Nina frowned, with a glance at Ewan, who looked delicious in his workout gear, his hair still damp from the shower. “I am not ashamed that I was a soldier. I was never ashamed. I’m not a soldier anymore, though. You know that. I’m not allowed to be.”

“Of course you’re not. But you still are, to them,” Katrinka said. “So we’re going to make you something completely different.”

Nina didn’t answer her at first, then raised her brows. “What, exactly, are you going to make me?”

“A star,” Katrinka said.

Nina burst into laughter. Ewan put his arm around her waist, pulling her close to his side, and she leaned into him as naturally as if they’d never fallen away from each other. She shook her head.

“I don’t need to be a star, Katrinka.”

The other woman waved a finger. “Do you want to help Ewan overturn the Enhancement Repeal Act?”

“Of course.”

“Then we have to get public opinion behind you. Make people see that you’re more than a soldier or a bodyguard. We spent a long time convincing them that the tech inside your head was a curse. If you want the world to change its mind and think it’s a blessing, you’re going to have to make them want to change.” Katrinka looked at something offscreen. “I have to go. Ewan, I’ll ping you later.”

With that, she was gone. Ewan’s comm went dark. He set it on the nightstand and turned to Nina with his hands and his expression both open.

“No idea,” he said before she could comment.

Nina pressed her lips together for a moment, thinking about what Katrinka had been saying. “How did she know we were together?”

“Lucky guess?”

They stared at each other until she motioned for him to come toward her. He put his arms around her.

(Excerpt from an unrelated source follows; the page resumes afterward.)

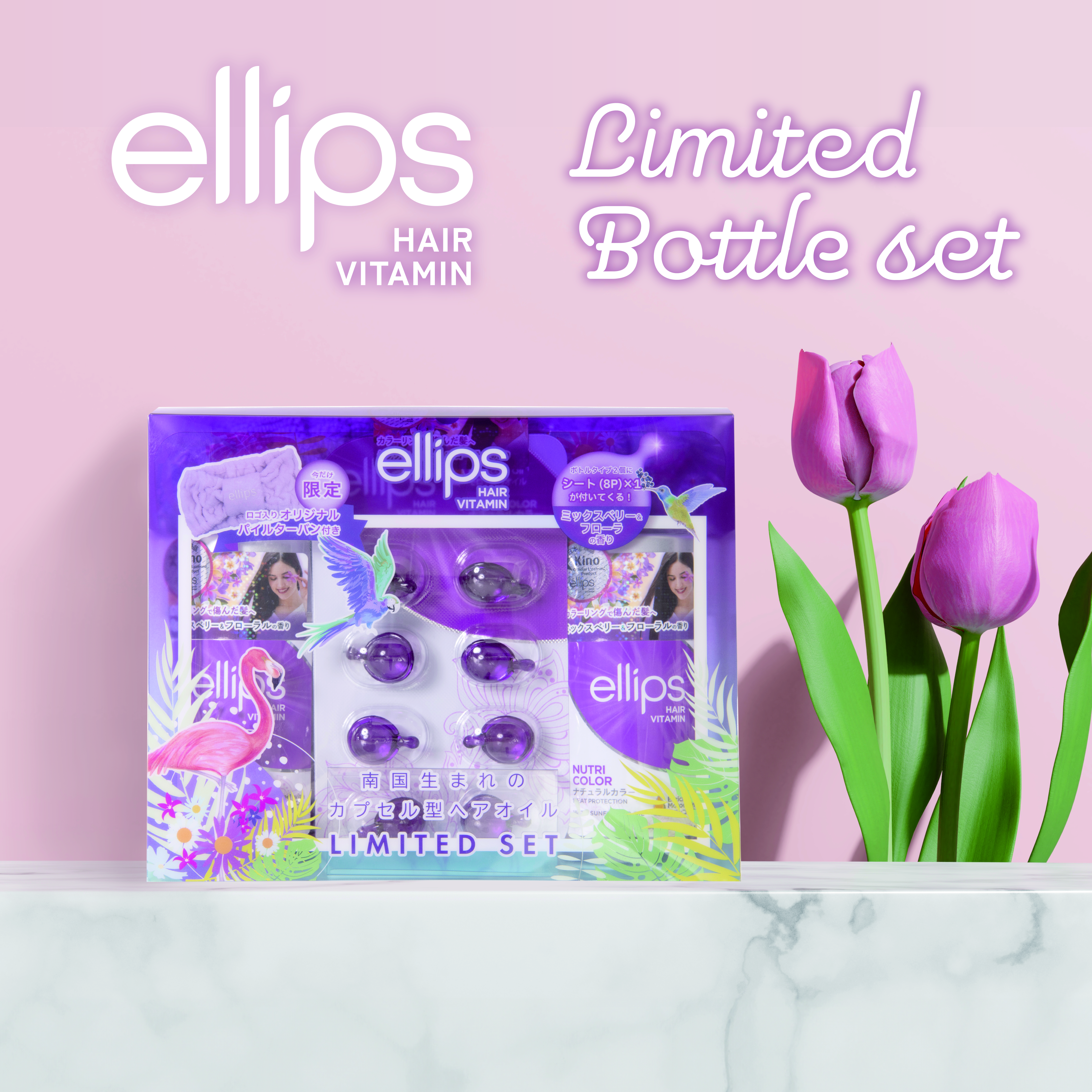 ellips限定セット ボトル2本+シート1個 ナチュラルカラー/ellips/ヘアオイルを使ったクチコミ（1枚目）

She kissed him lightly, pulling away when he tried to deepen the embrace. She pressed her forehead to his, eyes closed.

“Are we doing this?” she asked him.

Ewan’s breath tickled her face before he moved to nuzzle the side of her neck. He spoke without hesitation. Solid, in a way she hadn’t known she needed him to be until she let out a sigh of relief.

“Yes. Absolutely. We are doing this. Together,” he said. “I wouldn’t have it any other way. Oh, but wait. First I have to do something.”

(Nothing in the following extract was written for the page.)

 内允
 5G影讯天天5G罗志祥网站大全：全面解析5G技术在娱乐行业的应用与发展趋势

She laughed, trying to grab him as he walked away from her. “No, no . . . come back here.”

“In a minute.” He tapped something into his comm, looking up at her for a second with a secretive smile on his face.

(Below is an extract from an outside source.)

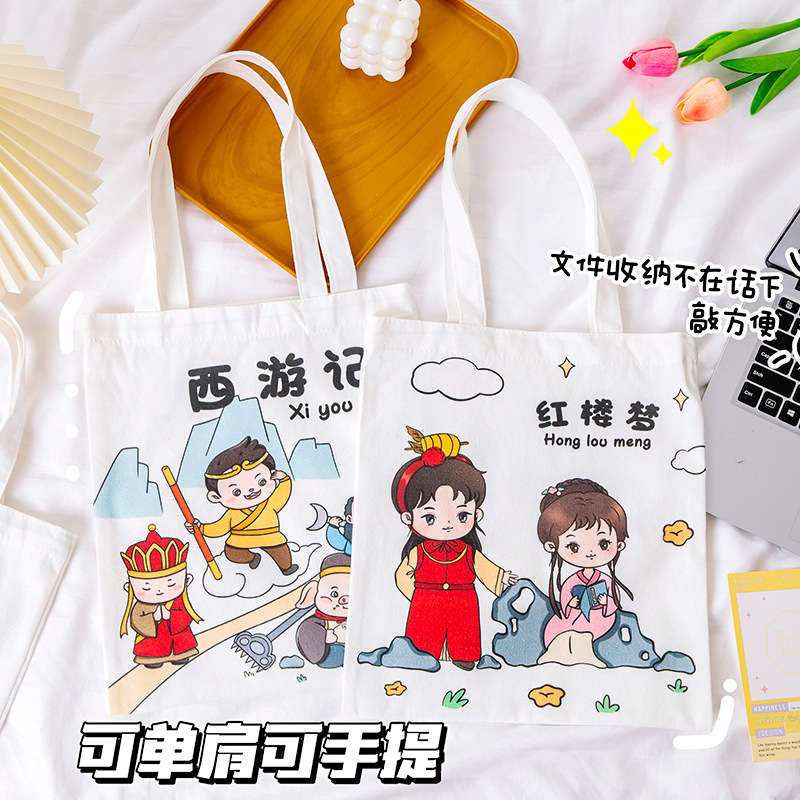 手绘四大名著手提帆布袋2024新款中小学生大容量手提包通勤单肩包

Her comm pinged from down the hall. Nina’s eyebrows raised. “Did you just ping me?”

“Yes.”

“Something you couldn’t just . . . tell me?”

“Go see,” Ewan said.

With a backward glance at him, Nina went to her room to read the message. Taking the comm, she went back to his room to find him waiting for her stretched out on his bed, hands linked behind his head. He wore a giant grin and nothing else.

“You fired me?” she asked, incredulous.

“Yep.”

Nina put her comm on the nightstand and pulled off her nightshirt. She straddled him. “You. Fired. Me.”

“Yes. Conflict of interest,” Ewan told her, his words trailing into a shivery sigh when she gripped his sides. “Didn’t want you to be . . . compromised . . .”

“I love you,” Nina said, and set about devouring him.